I know that we must use whatever means we have to shine a spotlight on injustice, to speak out when the powerful target the powerless, to find ways to act.

As Jews, we have been stigmatized and mistreated so many times. Our traditions and values call out for us to stand up in defense of the vulnerable people who are being similarly targeted and marginalized at this very moment.

This week, the parallels between our ancestors and those today who are seeking a more secure, freer life in the United States really hit home. We spoke to Michael Hopkins, the CEO of Jewish Family Services of San Diego (JFS), who explained that JFS was founded in 1918 to help Jewish immigrants who were trying to cross the border into the US.

One hundred years later, they’re still working to aid and support those who risk everything in pursuit of safety and a better future.

The Trump administration’s assault on immigrants and refugees has been overwhelming, infuriating and disorienting.
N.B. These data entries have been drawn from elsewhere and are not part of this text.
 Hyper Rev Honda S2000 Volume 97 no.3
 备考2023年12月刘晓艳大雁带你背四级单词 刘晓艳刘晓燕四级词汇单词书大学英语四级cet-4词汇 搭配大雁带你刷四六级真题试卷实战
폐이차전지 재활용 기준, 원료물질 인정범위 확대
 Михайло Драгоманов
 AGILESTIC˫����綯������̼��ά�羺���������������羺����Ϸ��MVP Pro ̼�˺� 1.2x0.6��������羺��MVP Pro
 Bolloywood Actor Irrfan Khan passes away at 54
That’s the point. Outside the buildings in Washington in which the discriminatory policies are drawn up, and outside the political rallies around the country at which the president derides immigrants with xenophobic rhetoric, entire lives are being destroyed.

After a meeting with the executive director of the regional ACLU about the importance of immigrants having access to legal assistance, a group of us had a last-minute opportunity to visit a children’s “shelter-based facility” (aka detention center).
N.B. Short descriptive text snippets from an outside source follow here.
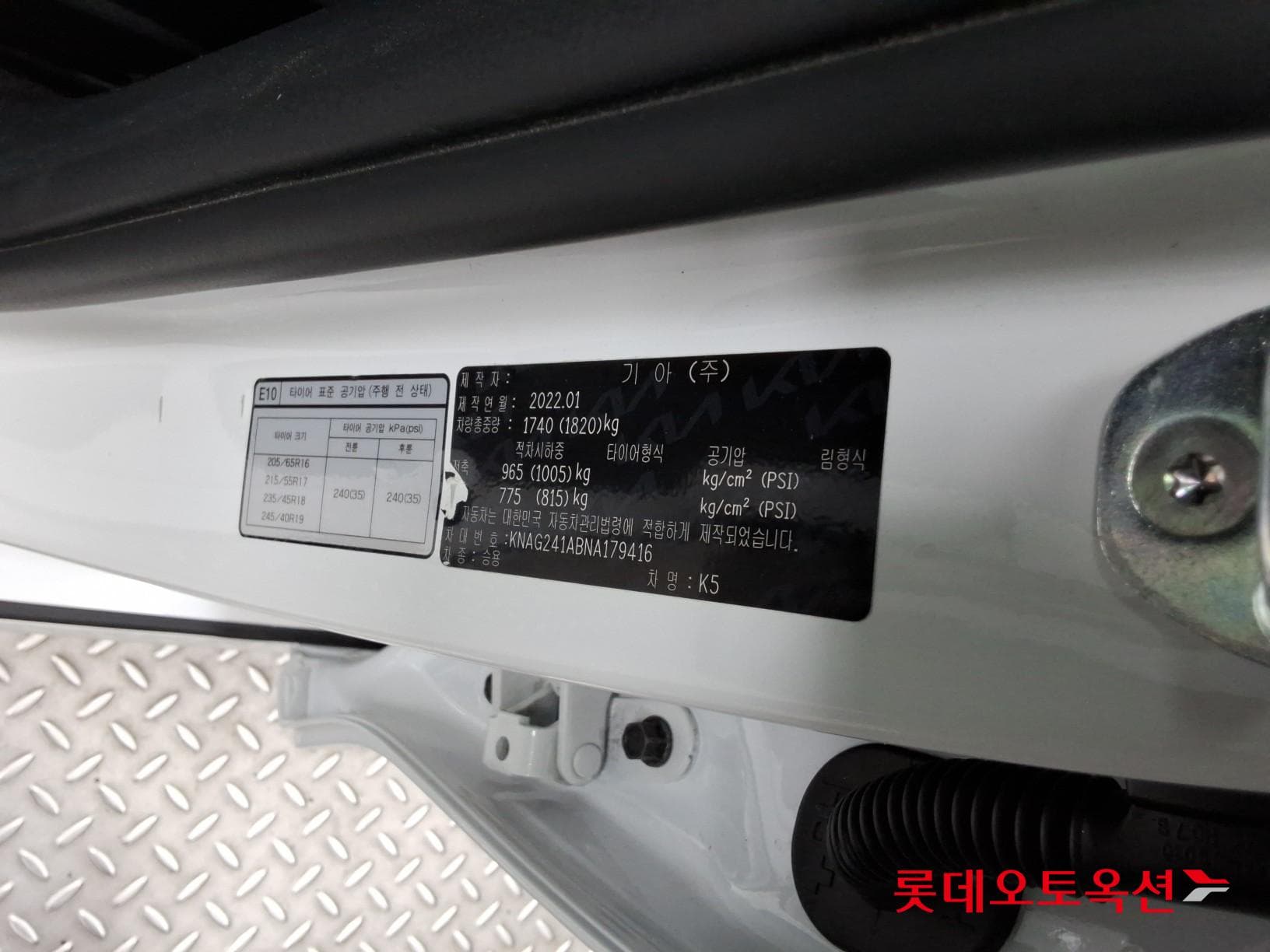 Kia - K5 | INTERACTIVE (G) 2.0 Prestige 35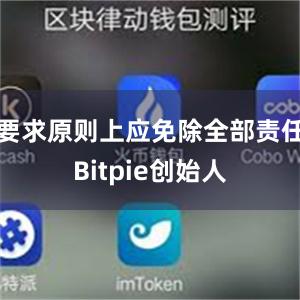 要求原则上应免除全部责任Bitpie创始人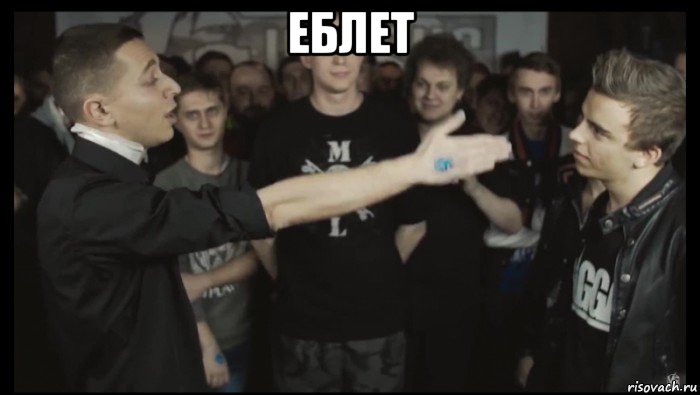 еблет , Мем Оксемирон против джонибоя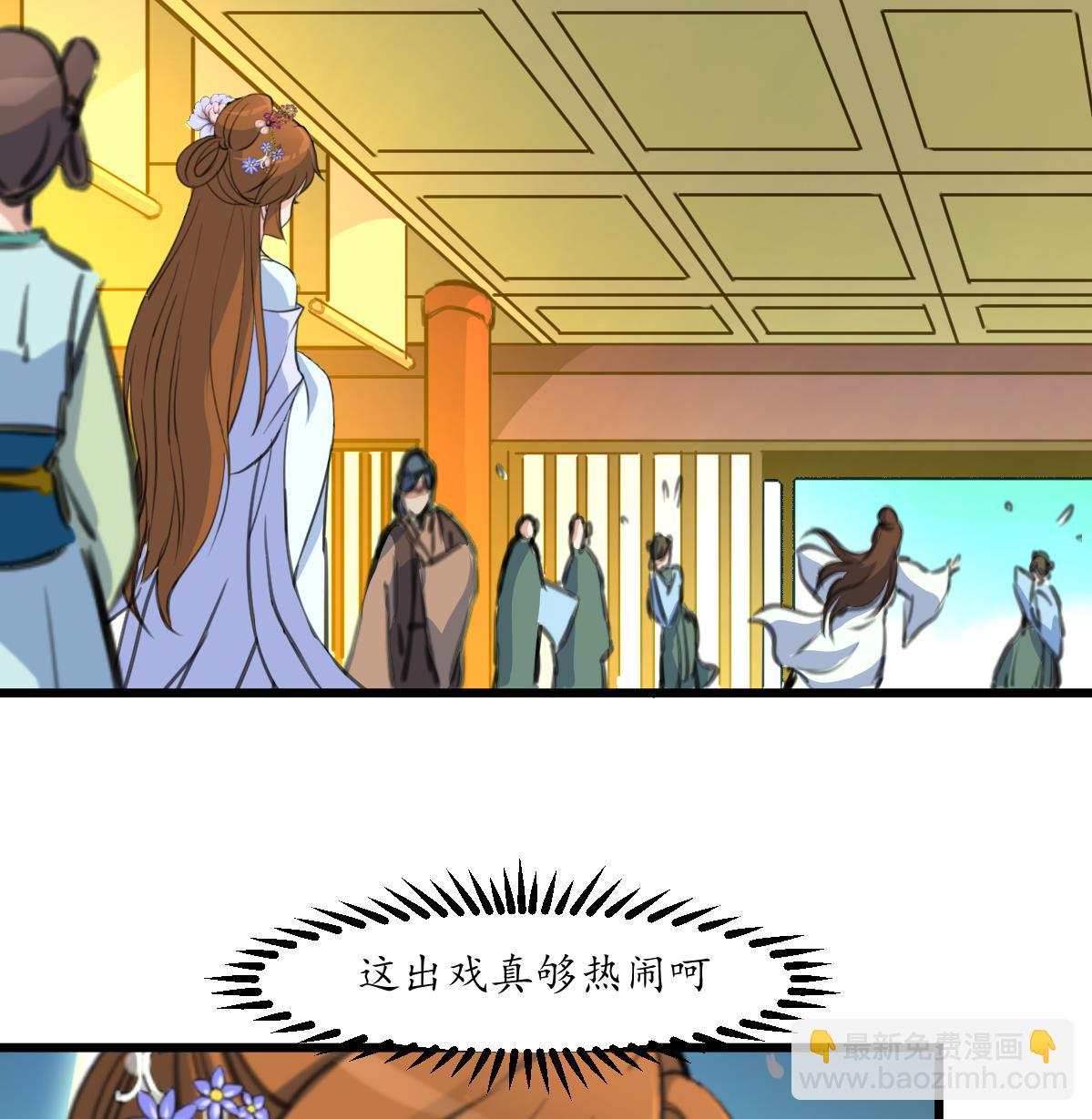 第197话 一只耳朵-第198话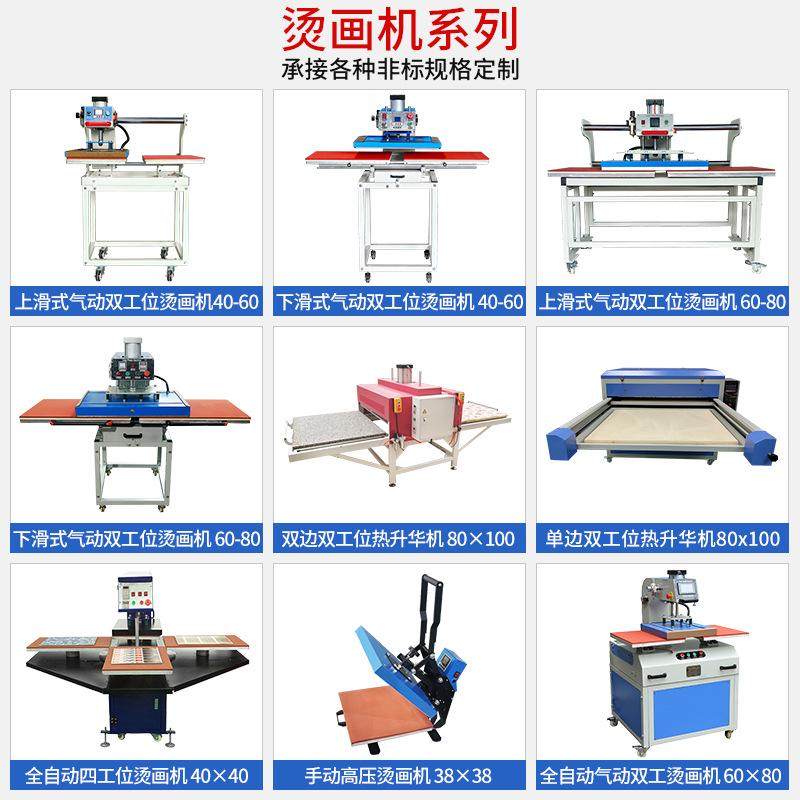 至上双边双工位热升华机烫画机  热传印服装压烫机转印设备80*100,办公设备/耗材/相关服务,烫金机/压烫机,淘宝优惠券,粉丝福利购,淘宝优惠卷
The facility holds 65 unaccompanied minors, children of all ages. It’s a strikingly nondescript building in the middle of the El Cajon neighborhood of San Diego, in a sea of strip malls — right next door to an auto-detail shop.
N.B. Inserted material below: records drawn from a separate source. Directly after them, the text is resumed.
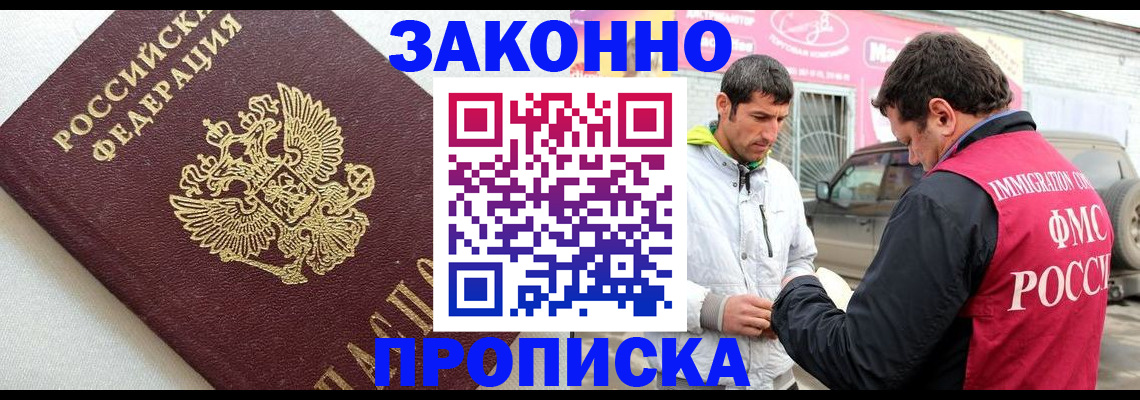 прописка регистрация в Ленинск-Кузнецком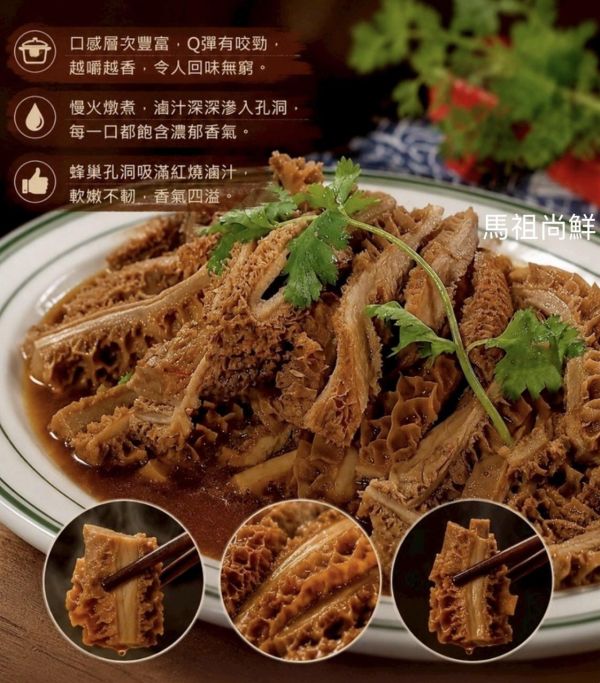 (熟)滷牛肚 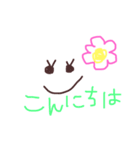 挨拶、、、（個別スタンプ：5）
Many of these children are apprehended at the border and turned over to the Health and Human Services Department’s Office of Refugee Resettlement (ORR). They come to the border seeking protection, having traveled hundreds of miles to escape harm in their home countries.

Most have gone through arduous, dangerous journeys to get here, and they are arrested at the border. Many are shocked to be arrested and have no sense of what’s ahead.

Make no mistake: these children are incarcerated. They have no freedom of movement. They are permitted two calls a week, and the calls have to be approved by the facility.

The small outdoor space that serves as the “recreation area” for all these children opens up to a barbed wired view of the neighborhood community, with homes adjacent to the property. We saw about 30-40 boys crammed into a tiny lunch room, sitting hip to hip.

They smiled to see us. They are children. It was hard to keep it together.

That was the tip of the iceberg. On both sides of the border, we witnessed countless mothers, fathers and young adults who were fleeing persecution, looking for safe refuge — and instead, were treated like criminals.

For me, the lesson of this trip was clear: As the descendants of refugees, immigrants and asylum-seekers who fled to this country similarly seeking a secure and dignified life, we cannot afford to separate the experiences of our forebears from what migrant families are going through today.

The administration’s attacks on immigrants and refugees are part of something larger. They are the cornerstone of a politics of tribalism and prejudice. This dangerous agenda — with its attacks on democratic principles and institutions and on the value of inclusiveness, pluralism and diversity — is a threat to all of us, and to the future of our country.

As heartbreaking as it’s been to see so much injustice, this week has driven home for me why it is so critically important that we at J Street join coalitions that are battling to protect immigrants, refugees and asylum-seekers — and battling to fix a broken system.

It’s also come as one more reminder of how high the stakes are in this November’s midterm elections. We need to change the direction of our country by electing a Congress that will hold this president accountable instead of enabling his bigoted, dehumanizing actions and rhetoric.

We need to support leaders who know that America has always been, and must always be, a nation of immigrants.

Over the course of the next few weeks until Election Day, J Street will continue to do everything we can to achieve this major shift in our nation’s politics.

Supporting our partners on the frontlines of this fight, we will continue to demand recognition of the shared humanity and dignity that binds us all together — from our ancestors to the children I visited this week.